Current Status of Risk Assessments- Rejected in California
On November 3, 2020, California asked its citizens whether to abolish the private surety bail system and replace it with a state wide risk assessment tool. In a stunning defeat, the voters rejected Prop. 25.
In 2018, the California Legislature passed Senate Bill 10, to ban private surety bail and to replace it with a state wide expensive risk assessment tool procedure state wide. The statute was not implemented until it was presented to the voters for adoption on November 3rd.
In a stunning defeat, voters rejected the legislation. The item on the ballot was Proposition 25.
Community groups against Proposition 25 said in a statement after the election that voters “took heed of our alarms” about eliminating cash bail.
“We warned our communities that if passed, Prop. 25 would automate racial profiling, give unchecked power to judges and increase funding and power for corrupt probation departments,” said the statement by Lex Steppling and Dolores Canales, chairs of a No on Prop. 25 committee.
Prop. 25 created a unique coalition of opponents across all political spectrums. The proposition was opposed by conservative groups and liberal groups a like. Liberal groups opposed Prop. 25 because it included a risk assessment tool that these groups have all abandoned and no longer support. Conservative groups opposed Prop. 25 because of community safety concerns.
Voters from San Diego to Crescent City made two points: (1) they wanted to keep their constitutional right to money bail in order to have the right to bail out their friends and family members; and, (2) they didn’t want a computer algorithm deciding who stayed in jail and who went home.

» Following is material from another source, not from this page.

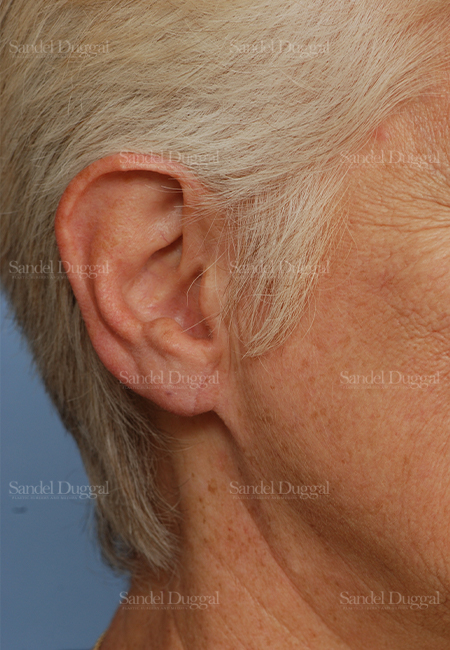 earlobe repair patient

California Governor Gavin Newsome, who supported Senate Bill 10, turned out to be on the losing side of what was a double-digit defeat, as did the State’s Chief Justice and legislature. After the election, Newsome said, “This sets back the entire cause.” He said the defeat was “profoundly not just disappointing, but devastating” to the effort to end cash bail in California. The Governor said that we, meaning end money bail activists, instead now face the “damning reality” that the defeat has “set back the cause a decade.”
The defeat was also a notable and historic setback for John Arnold, former Enron billionaire who is pushing his pretrial risk assessment algorithm from coast-to-coast by way of for-profit Arnold Ventures. As groups from across the political spectrum are pushing for an end to these algorithms, including the prestigious Pretrial Justice Institute, the nation’s oldest pretrial reform institute, John Arnold pumped millions into the campaign in a self-interested move to deceive voters to vote for Senate Bill 10 in order to then pave the way for the State of California to use his algorithm.
Proposition 25 was also opposed by more than two dozen sheriffs in California, including Orange County Sheriff Don Barnes, who said ending cash bail removes an “important mechanism” for ensuring defendants appear in court.